VANCOUVER, British Columbia — A team of nearly three dozen scientists assembled by the
International Olympic Committee will conduct more than 2,000 doping tests on athletes competing at the Vancouver Games. But I.O.C. officials say athletes who cheat still might get away with it — at least for a while.
“No system is foolproof,” Arne Ljungqvist, the chairman of the committee’s medical commission, said at a news conference on Tuesday, adding that it would be naïve to think that every athlete who doped would be caught.
“History tells that, after all, there are people who try to take a chance,” he said. “We have seen it in every Games. Whether we will be seeing it here again, who knows. I am sure that we are getting the Games cleaner and cleaner for every edition.
Ljungqvist said that the antidoping system in place here had a valuable safety net: the rule allowing the I.O.C. to retest athletes’ blood and urine samples — and then sanction athletes — for up to eight years. That rule was used at the Beijing Games. Nearly two months after those Summer Games, a group of athletes’ blood samples were retested for the blood-booster CERA, a drug for which scientists did not have a validated test during those Olympics.
That retroactive testing caught six athletes, including a gold medalist in track and field and a silver medalist in road cycling who subsequently had their medals stripped from them.
“Surely we have been given all the necessary tools to fight doping in Vancouver,” Ljungqvist said. “I am confident that cheats here may be identified sooner or later.
Through Monday, scientists here have conducted 220 tests on athletes at the Games, but also at their training sites, said Christiane Ayotte, the director of the Vancouver laboratory.
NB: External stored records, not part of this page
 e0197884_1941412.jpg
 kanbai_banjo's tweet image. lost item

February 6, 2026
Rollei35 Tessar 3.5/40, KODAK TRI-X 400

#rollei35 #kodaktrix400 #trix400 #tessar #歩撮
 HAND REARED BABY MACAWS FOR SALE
No positives tests have been found, she said.
She said that 1,600 urine tests and from 400 to 500 blood tests would be done on athletes in all sports. Some of the more complicated analyses could take up to 72 hours to complete, she said. .
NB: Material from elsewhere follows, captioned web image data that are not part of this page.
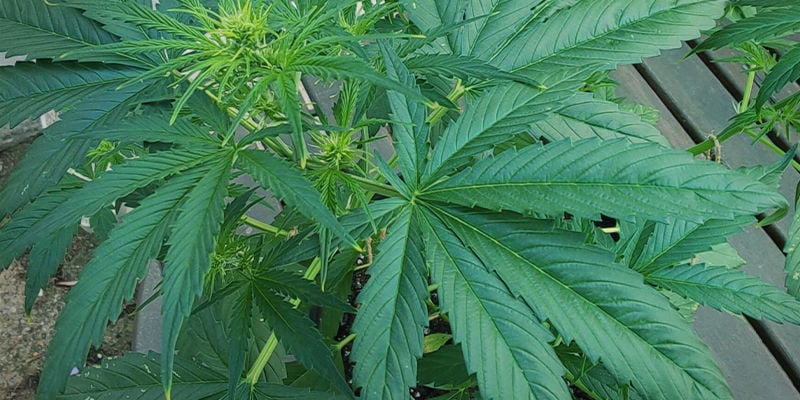 À quoi ressemble la toxicité de l’azote dans les plants de cannabis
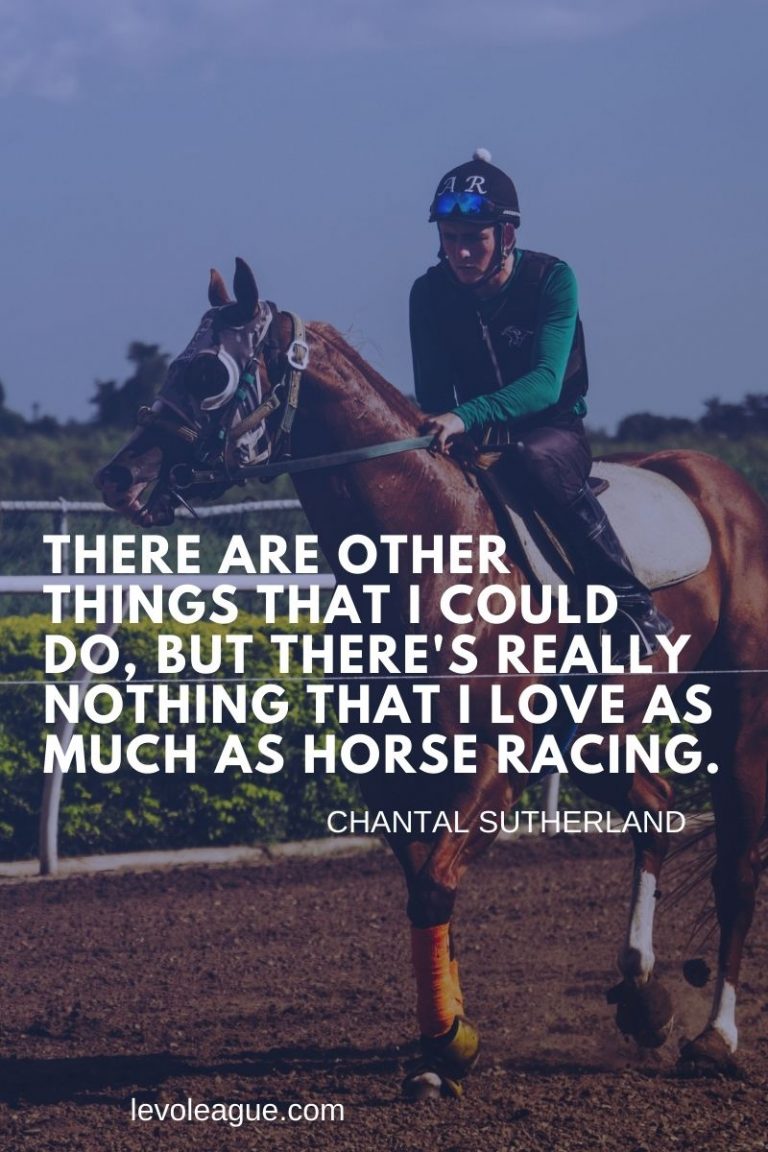 32-inspirational-horse-racing-quotes-and-sayings-levo-league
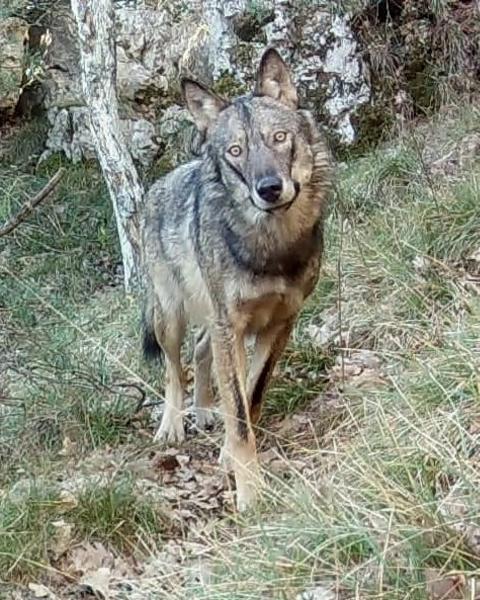 Sur les traces des loups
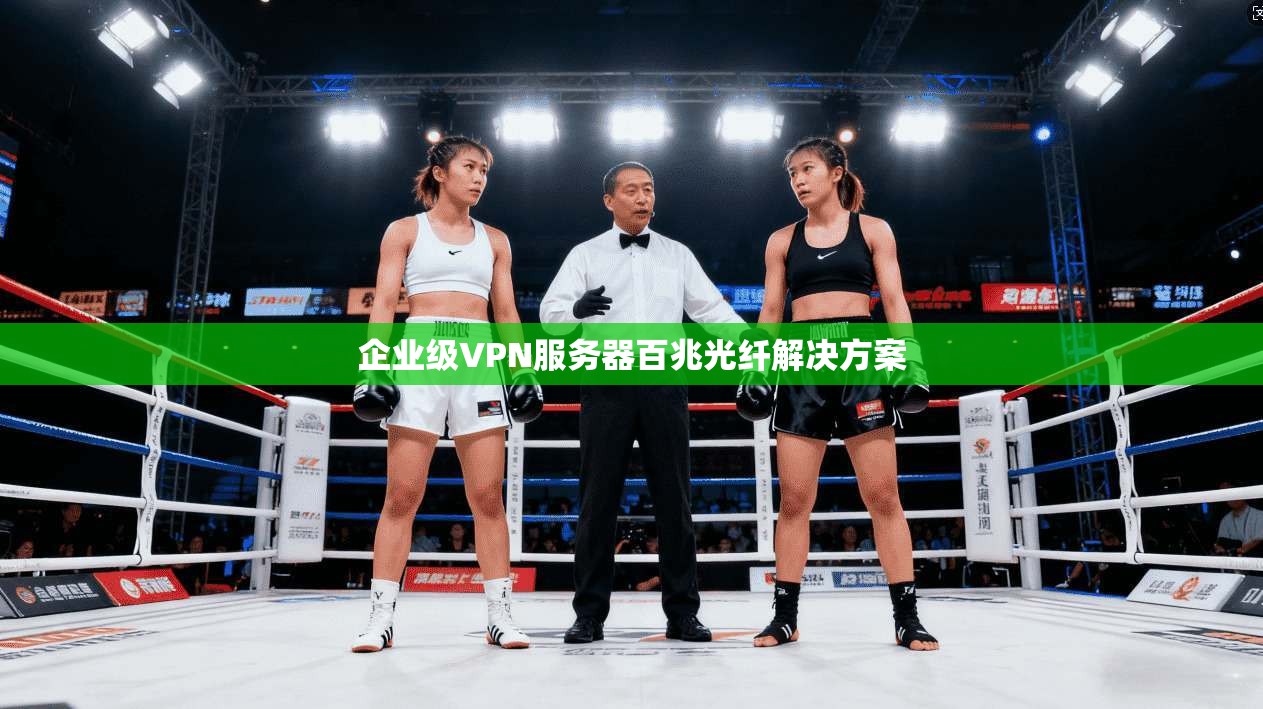 企业级VPN服务器百兆光纤解决方案 第1张 企业级VPN服务器百兆光纤解决方案 第1张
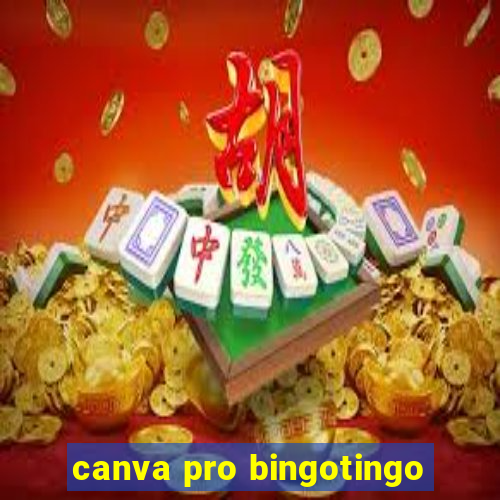 canva pro bingotingo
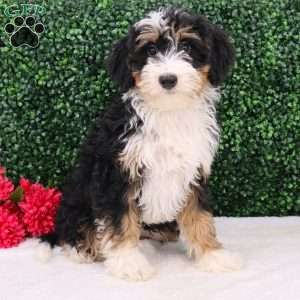 Ace, Mini Bernedoodle Puppy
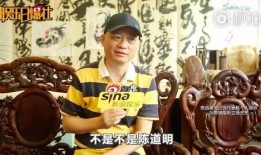 爆料杨子黄圣依视频,娱乐圈再掀波澜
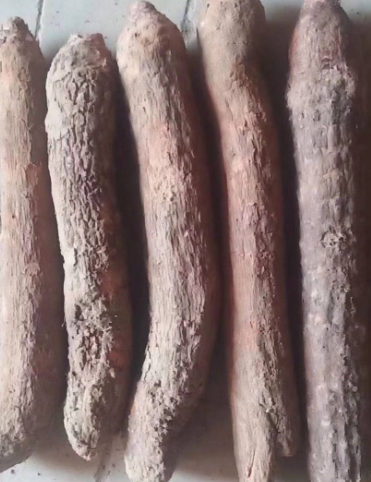 锁阳的保质期是多少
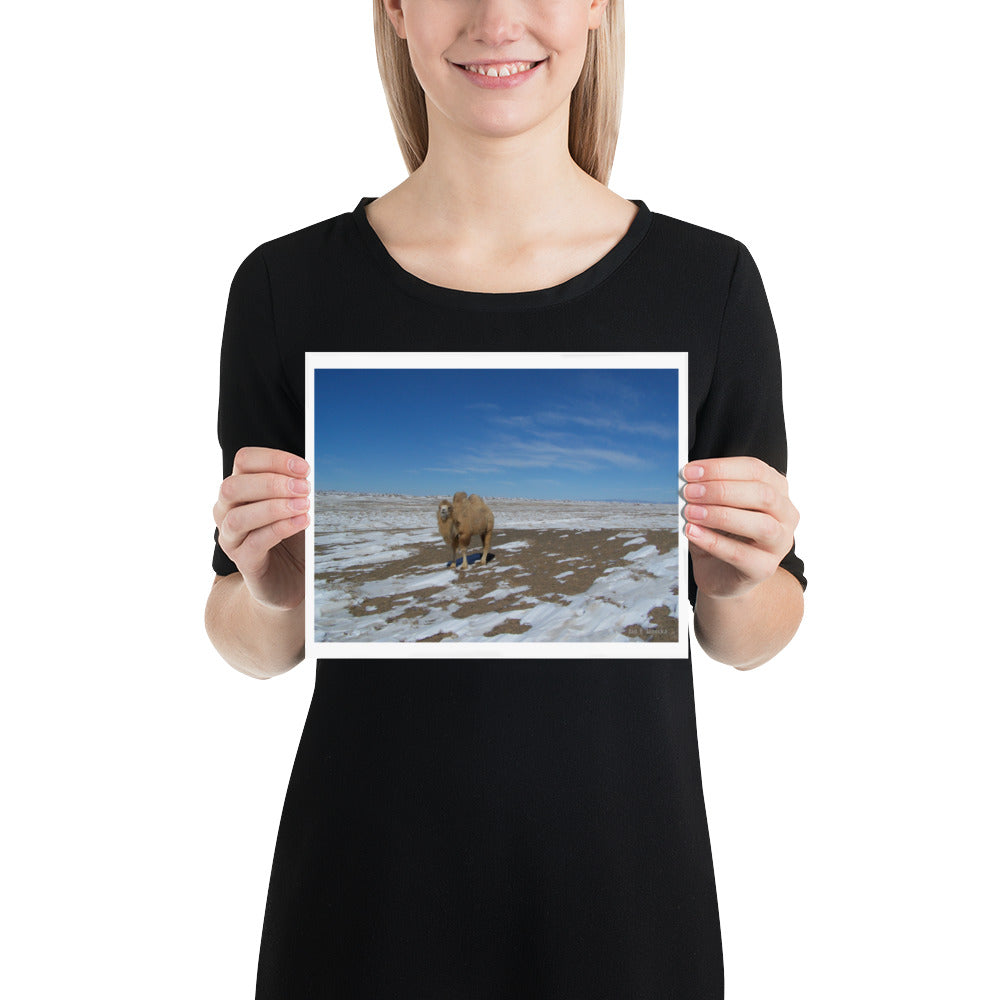 Poster, camel in Gobi of Mongolia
Scientists are testing for the normal list of doping products, including steroids, EPO and human growth hormone, but would also be looking for newer drugs that have not hit the market yet. “All the new methods are in place,” she said. .
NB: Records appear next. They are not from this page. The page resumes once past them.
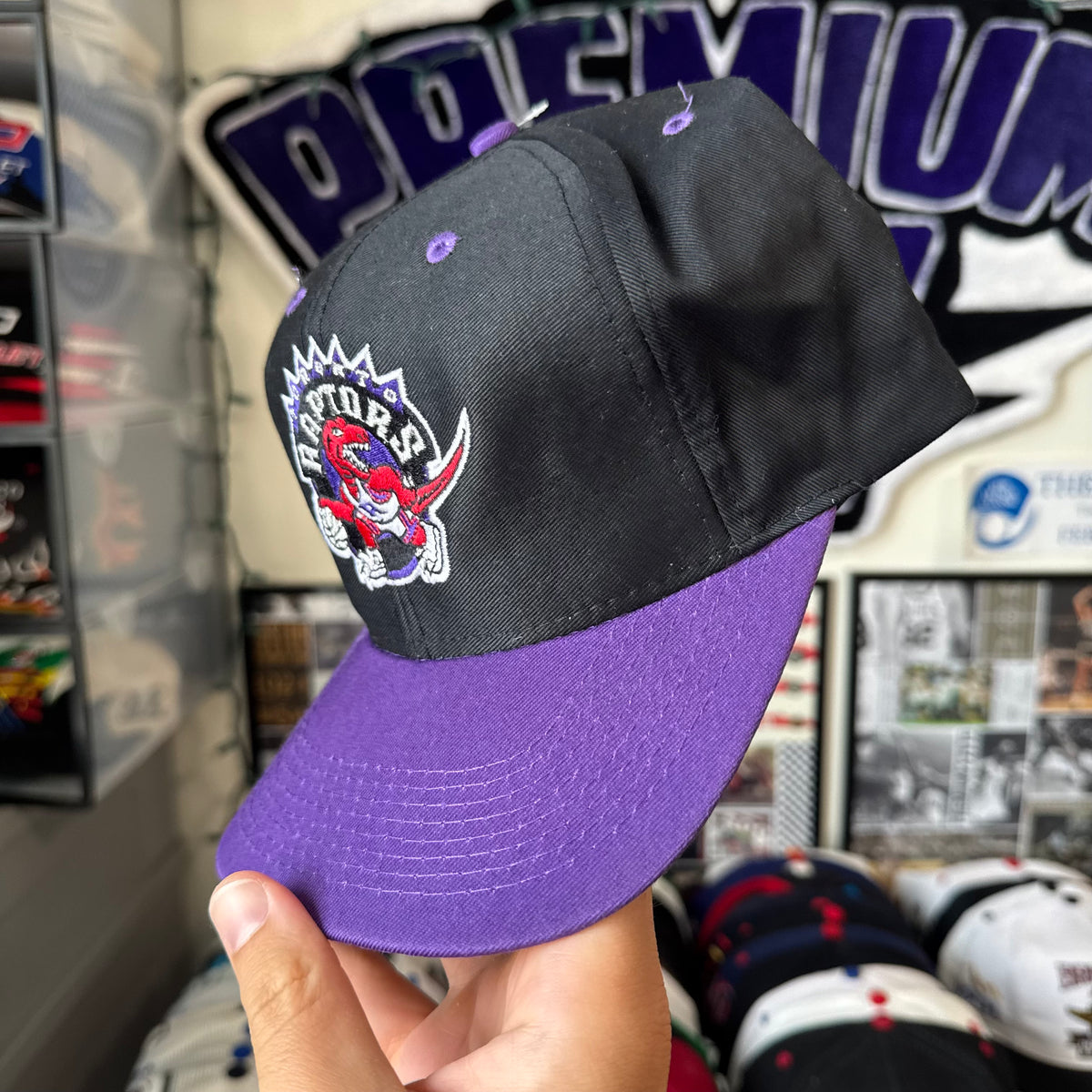 Toronto Raptors Plain Logo Logo 7 NBA Basketball Snapback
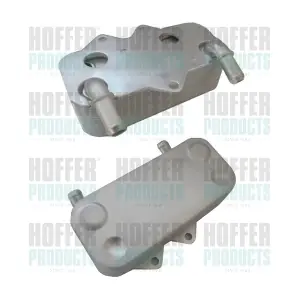 HOFFER 8095098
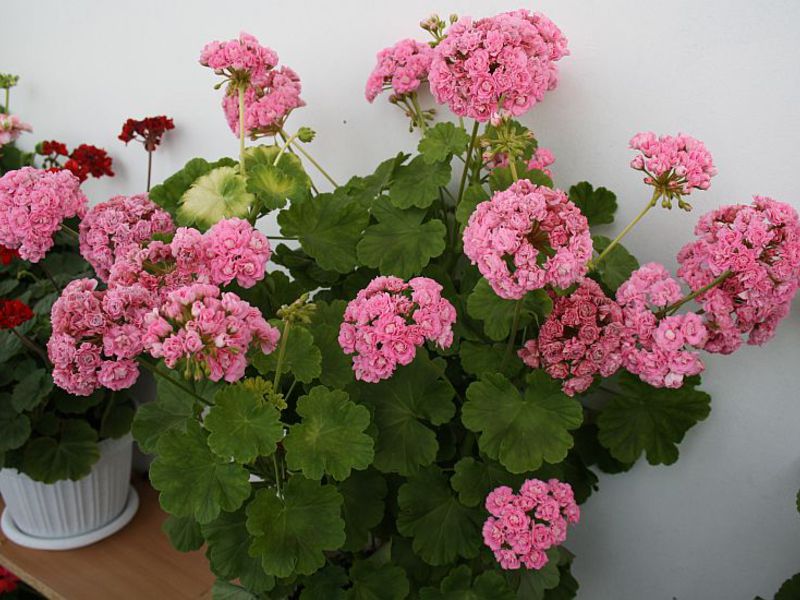 Njega geranija Transplantacija pelargonije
The data collected in the testing would also be sent to international federations that have biological passport programs. Those programs monitor certain markers in their athletes’ blood and chart them over time. Any variation of those markers could indicate doping.
Positive tests relating to abnormal blood profiles could take months, Ayotte said. Those profiles could also lead to further testing on the athlete involved.